Rodriguez was one of 24 players to sign up for the course at the time, beginning her training in coaching that has become part of the league’s latest CBA, according to Equalizer’s Jeff Kassouf. And she hopes she isn’t the last.
“It was probably one of the greatest decisions I ever made,” Rodriguez said. “I’m super grateful for the NWSL PA to provide that for me, and look at the doors that it’s opened.”
As far as what kind of a coach Rodriguez will be, the former goal-scoring, heart-on-her-sleeve forward isn’t quite sure yet. She doesn’t know if she’ll opt to pace the sidelines, scream at the ref, or calmly sit on a cooler during matches. She’s not sure what kind of formation or tactics she’ll want to employ, even.
Those will all come with time, and as Utah Royals FC begins identifying, signing and (eventually) drafting players from across the league and abroad to begin play in 2024.
The next step for the club is to identify a general manager, Hyncik noted — but first, they had to find the right skipper.

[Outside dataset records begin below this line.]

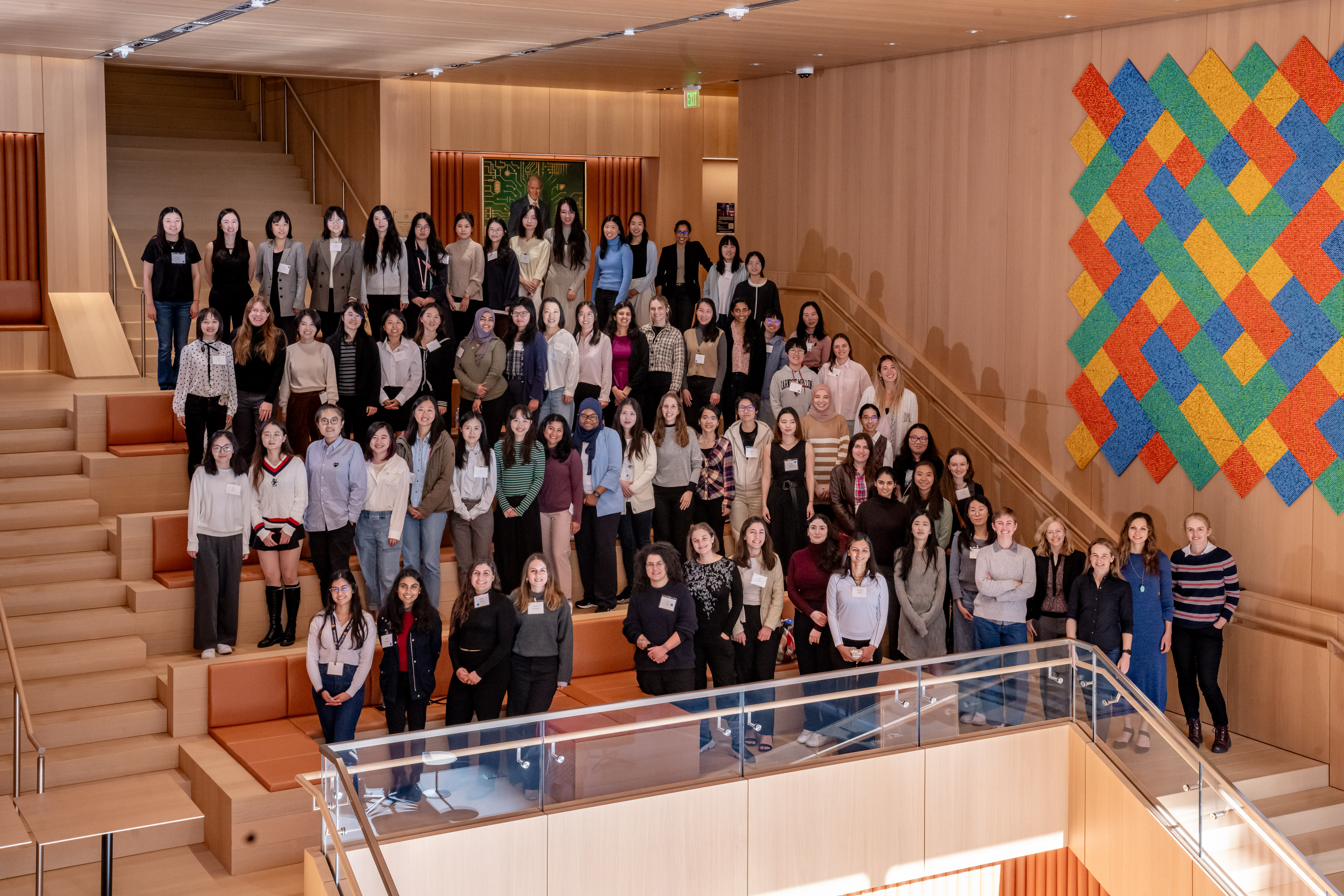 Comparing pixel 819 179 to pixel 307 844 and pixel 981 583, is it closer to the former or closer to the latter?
pixel 981 583

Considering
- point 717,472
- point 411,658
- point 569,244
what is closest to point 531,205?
point 569,244

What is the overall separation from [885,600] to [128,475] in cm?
541

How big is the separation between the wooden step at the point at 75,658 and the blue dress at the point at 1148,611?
243 inches

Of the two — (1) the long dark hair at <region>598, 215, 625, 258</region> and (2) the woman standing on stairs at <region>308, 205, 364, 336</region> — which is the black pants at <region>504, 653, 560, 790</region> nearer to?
(2) the woman standing on stairs at <region>308, 205, 364, 336</region>

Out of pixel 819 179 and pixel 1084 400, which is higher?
pixel 819 179

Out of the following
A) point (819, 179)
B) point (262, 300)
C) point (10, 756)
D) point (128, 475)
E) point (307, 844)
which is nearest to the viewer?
point (307, 844)

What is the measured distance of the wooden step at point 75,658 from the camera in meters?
8.34

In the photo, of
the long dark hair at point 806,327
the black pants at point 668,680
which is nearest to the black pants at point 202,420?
the black pants at point 668,680

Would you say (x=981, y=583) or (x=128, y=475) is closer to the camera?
(x=981, y=583)

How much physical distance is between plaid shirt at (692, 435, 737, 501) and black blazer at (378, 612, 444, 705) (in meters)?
2.28

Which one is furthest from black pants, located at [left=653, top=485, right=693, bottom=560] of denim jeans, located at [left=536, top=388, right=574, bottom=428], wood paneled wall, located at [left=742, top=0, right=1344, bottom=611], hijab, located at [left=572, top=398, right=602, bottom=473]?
wood paneled wall, located at [left=742, top=0, right=1344, bottom=611]

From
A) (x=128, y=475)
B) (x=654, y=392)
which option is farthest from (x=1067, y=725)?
(x=128, y=475)

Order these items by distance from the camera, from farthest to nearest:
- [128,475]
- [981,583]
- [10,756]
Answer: [128,475] → [981,583] → [10,756]

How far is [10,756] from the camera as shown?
7855 millimetres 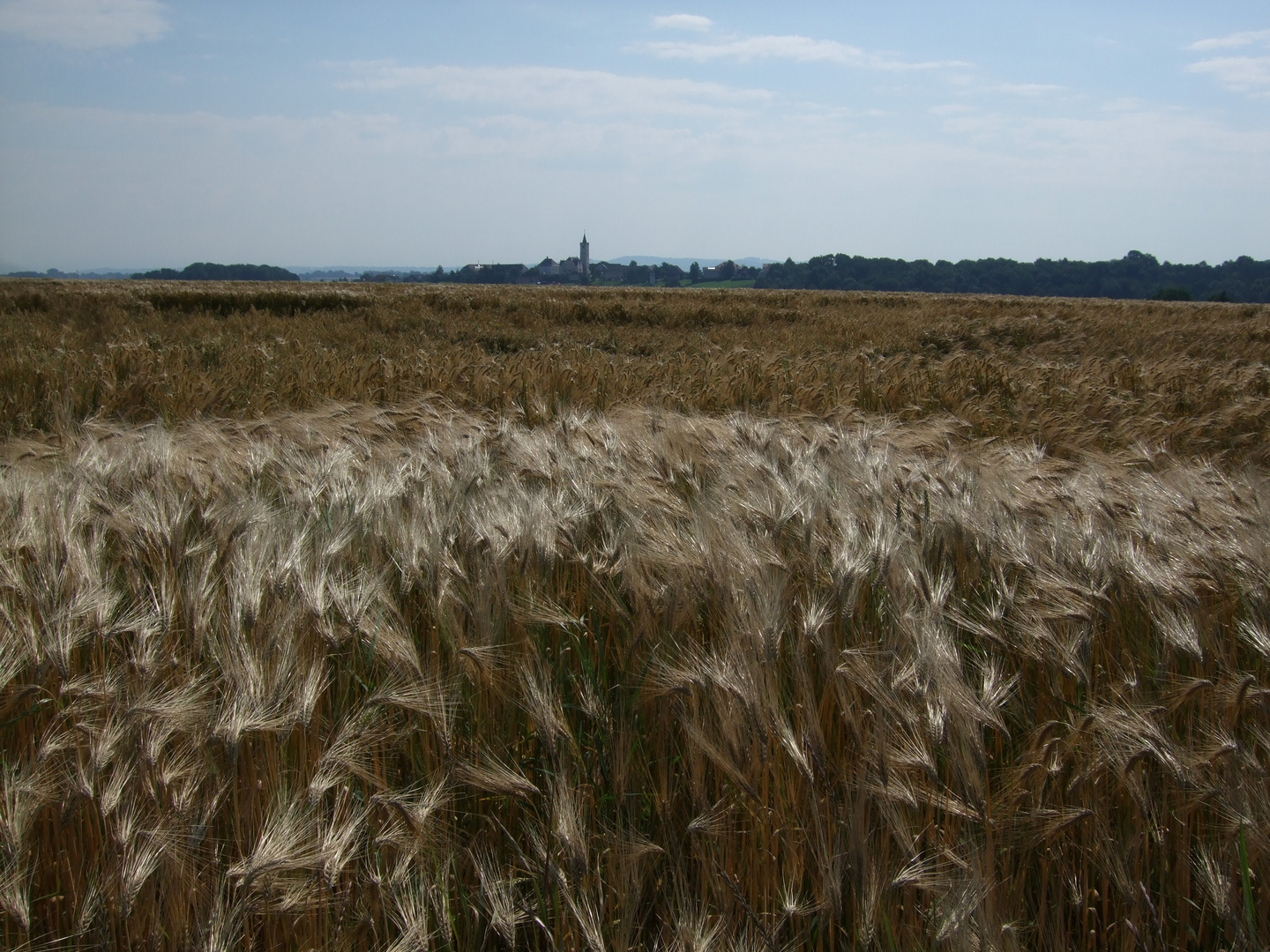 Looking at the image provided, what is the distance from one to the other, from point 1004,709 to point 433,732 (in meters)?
1.20

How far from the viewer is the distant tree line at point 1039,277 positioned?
77812mm

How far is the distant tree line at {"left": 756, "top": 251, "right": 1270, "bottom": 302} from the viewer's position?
77812 mm

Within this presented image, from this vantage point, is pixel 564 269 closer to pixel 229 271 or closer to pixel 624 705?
pixel 229 271

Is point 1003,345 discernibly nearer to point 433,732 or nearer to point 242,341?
point 242,341

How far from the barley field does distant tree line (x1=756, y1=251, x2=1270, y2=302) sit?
256 feet

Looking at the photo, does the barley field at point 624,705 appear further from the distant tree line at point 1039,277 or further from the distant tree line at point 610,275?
the distant tree line at point 610,275

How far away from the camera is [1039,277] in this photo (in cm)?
8081

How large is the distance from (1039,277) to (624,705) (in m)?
92.7

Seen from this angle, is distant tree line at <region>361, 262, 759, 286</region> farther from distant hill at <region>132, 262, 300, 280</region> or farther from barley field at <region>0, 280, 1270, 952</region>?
barley field at <region>0, 280, 1270, 952</region>

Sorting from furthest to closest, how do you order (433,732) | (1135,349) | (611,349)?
1. (1135,349)
2. (611,349)
3. (433,732)

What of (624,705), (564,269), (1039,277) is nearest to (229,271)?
(564,269)

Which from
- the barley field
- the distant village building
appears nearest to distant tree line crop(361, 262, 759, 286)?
the distant village building

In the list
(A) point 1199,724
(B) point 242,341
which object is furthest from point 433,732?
(B) point 242,341

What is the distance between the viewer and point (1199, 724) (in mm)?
1523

And everyone in the organization knew one thing about Rodriguez.
“There’s never been any doubt in our mind,” Hyncik said. “Amy is the hardest worker I’ve ever met, the most competitive player on the field I’ve ever witnessed. You rarely have that combination of talent and commitment to winning and to excellence.
“Knowing that Amy is going to bring that to every role that she takes on, there was no hesitation in our minds.”
If nothing else, Hyncik and her peers know one thing about her former high school teammate — and something Rodriguez knows about herself: she’s “insanely competitive.”
“If I can bring a championship here,” Rodriguez said, “that’s what I want to do.”